Plus on avance dans un monde de supports numériques, plus les bibliothèques sont nécessaires. Cette nécessité s’exprime dans les trois grands rôles que devront tenir les bibliothèques dans l’avenir :
1. La signification des textes est dépendante de la forme de leur inscription et leur communication.
Il n’y a pas au sens strict d’équivalence entre un texte de Platon sur un rouleau de papyrus et le même texte sur support numérique. Parler d’équivalence supposerait que l’on ne retienne de l’oeuvre que son contenu. Réduite les textes à leur contenu c’est les réduire à leur contenu sémantique. Et l’on sait aujourd’hui que l’on ne peut faire abstraction des formes matérielles et des modes d’appropriation des textes.
En ce sens, la bibliothèque est le lieu de la conservation des discours dans leurs formes successives. L’explicitation de la culture écrite dans ses différents supports relève pleinement du rôle de la bibliothèque. (Le support numérique permet des traitements que ne permettent pas les supports physiques traditionnels.)
2. De plus en plus de jeunes ont accès à l’écriture directement via le monde électronique, et perdent conscience des autres formes de cultures écrites, comme le livre imprimé. Avec les supports numériques, il y nécessité de formation. Il y a une technique particulière qui s’y déploie.
A ce titre, le deuxième rôle de la bibliothèque est de former à cette nouvelle technicité requise par les supports numériques.
Dans la textualité électronique, on ne retrouve plus cette hiérarchisation et cette mise en relief des corpus qui existe dans les supports imprimés. La notion de référence se dilue et se transforme dans le support électronique.
L’immédiateté de la disponibilité du texte électronique détourne les règles de hiérarchisation et le filtrage qui existent dans le support papier. Il y a oblitération de l’ordre des discours dans l’accès électronique au texte. C’est donc un des rôles de la bibliothèque que de palier à cette désorientation que recent celui qui fait ses premiers pas sur Internet. La bibliothèque doit mettre en place un appareil critique de mise en place d’une autorité, d’une classification et d’une hiérarchisation des textes électroniques.
3. Troisième rôle de la bibliothèque, être un lieu de la parole échangé autour des textes. Un lieu qui brise l’isolement et la solitude du lecteur face au texte, qu’il soit papier ou numérique. On citera, à titre d’exemple, les rencontres avec les auteurs, les conférences, les ateliers et de manière générale l’ensemble des événements. (Ce qui implique d’ailleurs la mise ne place d’une programmation).
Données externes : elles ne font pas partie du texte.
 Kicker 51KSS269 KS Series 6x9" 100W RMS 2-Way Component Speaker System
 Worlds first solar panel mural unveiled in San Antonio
Ces idées sont exprimées par Roger Chartier dans un entretien video consultable en ligne. Un grand merci à Olivier Ertzscheid pour m’avoir fait re-découvrir le site des archives audiovisuelles en sciences humaines et sociales
Vous oubliez un rôle classique des bibliothèques, c’est celle d’archives.
Quand on voit avec quelle vitesse les archives informatiques disparaisse (format obsolètes, bande magnétique démagnétisés, CD-ROMs oxydés, etc…) la bibliothèque, peut-être dans une forme numérique – la bibliothèque du congrès fait un miroir des fichiers de la BNF et pareil de l’autre coté – en tant que institution de l’archivage a toute sa place. Compter sur Google ou des sociétés privés pour bien gérer leurs archives n’est pas toujours une bonne idée, voir la qualité des archives de l’INA par rapport à celles des chaînes privées depuis la privatisation.